Methane and other greenhouses gases aren’t necessarily reduced through this process, he adds, but they are certainly more controlled.
This kind of wastewater treatment creates a number of byproducts. One is a collection of large and small particulate which has been filtered out and needs to be hauled to the landfill on occasion. It comprises only a small part of the total product in the end.
“People flush everything down the toilet,” Williamson says. “Anything that can be flushed [ends up here] and you have to take it out. You don’t want that stuff floating down the river.”
Another product is the sludge that settles out of the liquid as it sits in tanks. This sludge is thickened, bringing it to a solider state, and has usefulness as fertilizer.
“There’s processes out there that turn it into a prill, like the little fertilizer beads you buy at Home Depot,” says Williamson. “The [RSRWC] may decide to go down that road. It’s an advanced treatment but it can also be turned into class-A biosolids which can then be land applied.”
The final product is the treated liquid that is sent off to the river once it meets provincial standards. Some chemical may be needed on occasion, but according to Williamson it requires a small fraction of what is used in a typical lagoon.
One of the plant design options that the RSRWC will need to choose from uses an additional step which includes membranes which the wastewater must pass through. This system is effective to the point where the liquid byproduct headed for the river is virtually potable.
Next steps for the team at Jacobs include gathering feedback from the RSRWC in order to create the final project design. If all goes as planned, they anticipate it being ready for operation by 2028.

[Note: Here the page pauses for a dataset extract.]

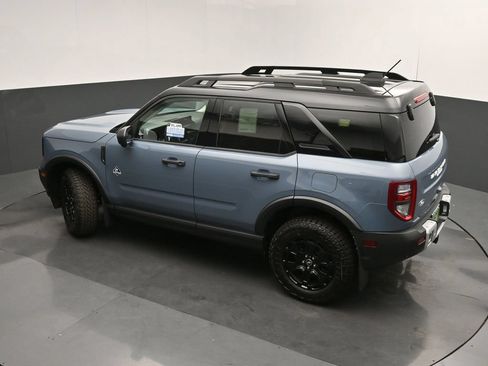 New 2026 Ford Bronco Sport Outer Banks w/ Sasquatch Outer Banks Package AWD/4WD image 39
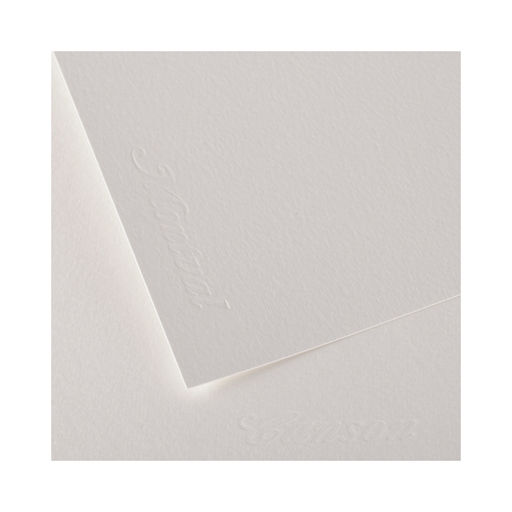 Canson Бумага акварельная Montval 100% целлюлоза 300 г/м2 75 х 110 см лист 12 шт. C200801104 среднезернистая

Funding for this project is coming from three levels of government. A total of $39 million in grant monies has been promised by the federal and provincial governments. The municipal collaborative will bear the balance of $71 million.
“It’s a fantastic project for the communities,” Williamson concludes. “This is the first regional treatment plant in Manitoba and I think it’s going to set the stage for others. [It’s great] to see how a collaborative approach with other municipalities makes things come together.”